The new regional school would be operated by the Syracuse City School District but open its doors to students from across Central New York.

Officials expect 60 percent of the new high school’s students will be from Syracuse, with the remaining 40 percent from across the region.

The school will be designed to serve 1,000 students, with 250 students per grade, in the ninth through 12th grades.

The school will open initially to ninth-graders and add a grade in each of the next three years until it serves all grades in September 2024.

Curriculum for the new school will be developed in partnership with Syracuse University, Le Moyne College, Onondaga Community College and other local colleges and universities.

The workforce training center, located on the same campus as the Syracuse STEAM High School, will offer high school equivalency, advanced technical certification and college degrees.

The training center would be modeled on the Northland Workforce Training Center in Buffalo, a $44 million project that Cuomo unveiled in 2015 as part of the “Buffalo Billion” redevelopment plan.

The Buffalo center, which opened in 2018, provides training for careers primarily in the advanced manufacturing and energy sectors.

Cuomo administration officials said Monday they did not know how much it would cost to establish the Syracuse workforce training center.
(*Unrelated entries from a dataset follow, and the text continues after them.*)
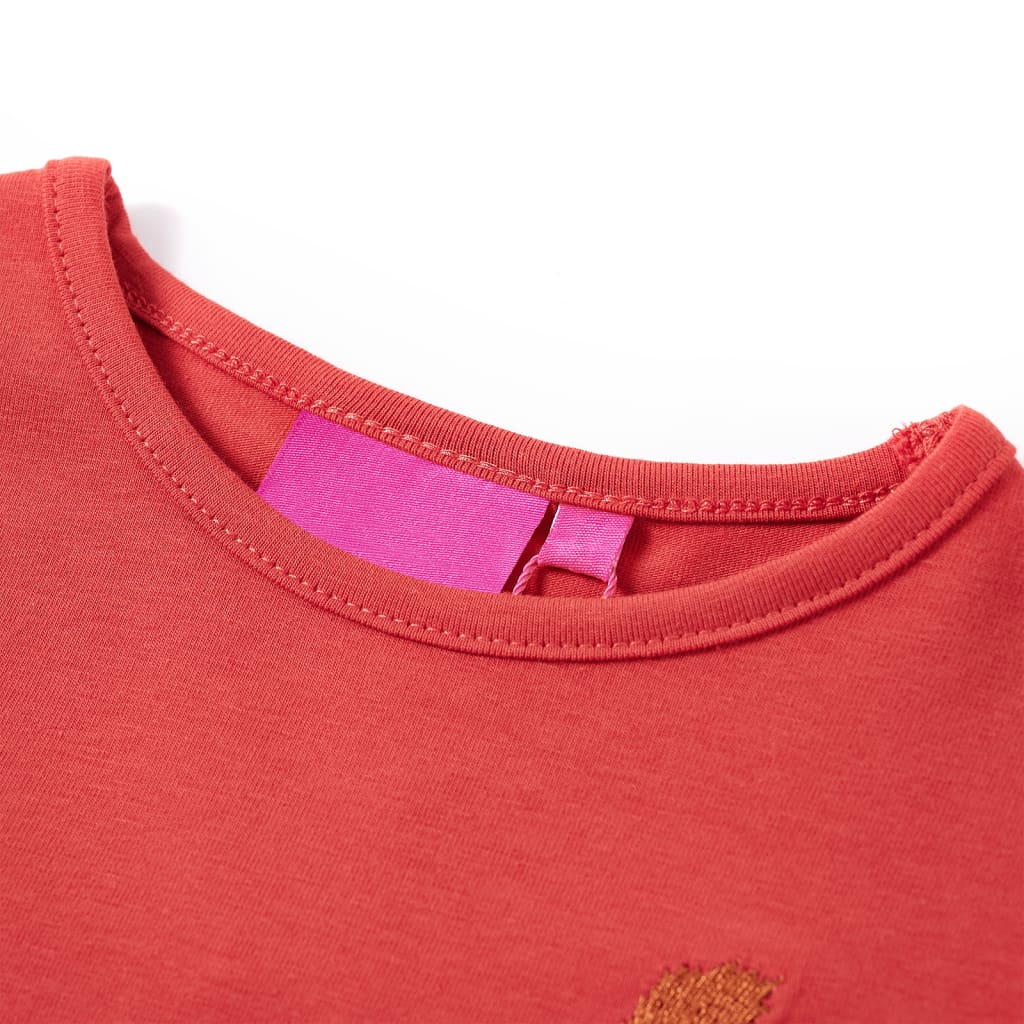 Детска тениска с дълъг ръкав, опушено червено, 92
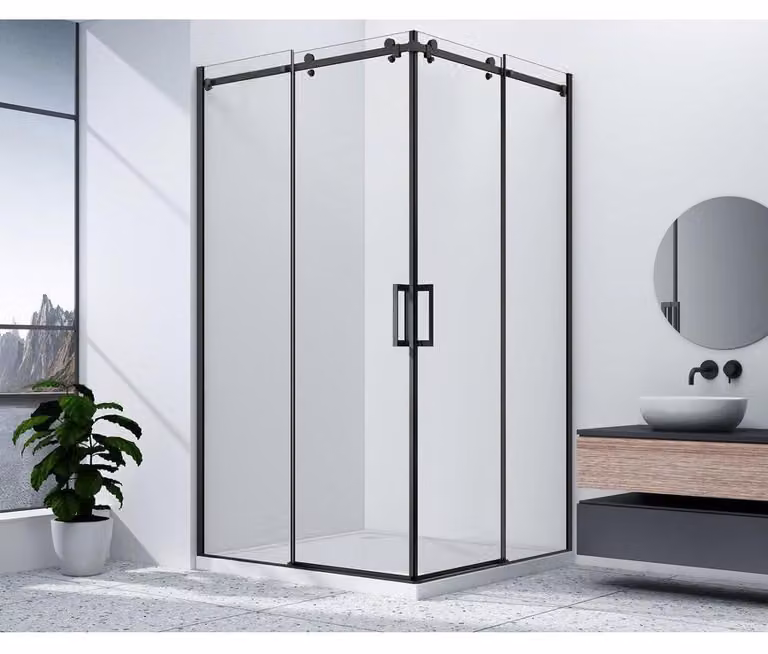 DRAGON BLACK Cabina doccia angolare 1000x1000mm, ingresso ad angolo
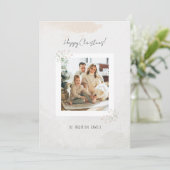 Watercolor Christmas Flower Dainty Personalized  シーズンカード (スタンド正面)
SUNY Empire State College would operate the center and funding for the project would likely come from SUNY’s capital budget.

The Syracuse center would offer students of any age, including those changing careers, the flexibility to take about 800 courses online.

Workers who are changing careers would be offered free college credits for previous workplace training and experience.

Under the program, Empire State College would evaluate previous training programs completed in the workplace and assign equivalent college credits. The goal is to cut down on the time and cost for an overall college education.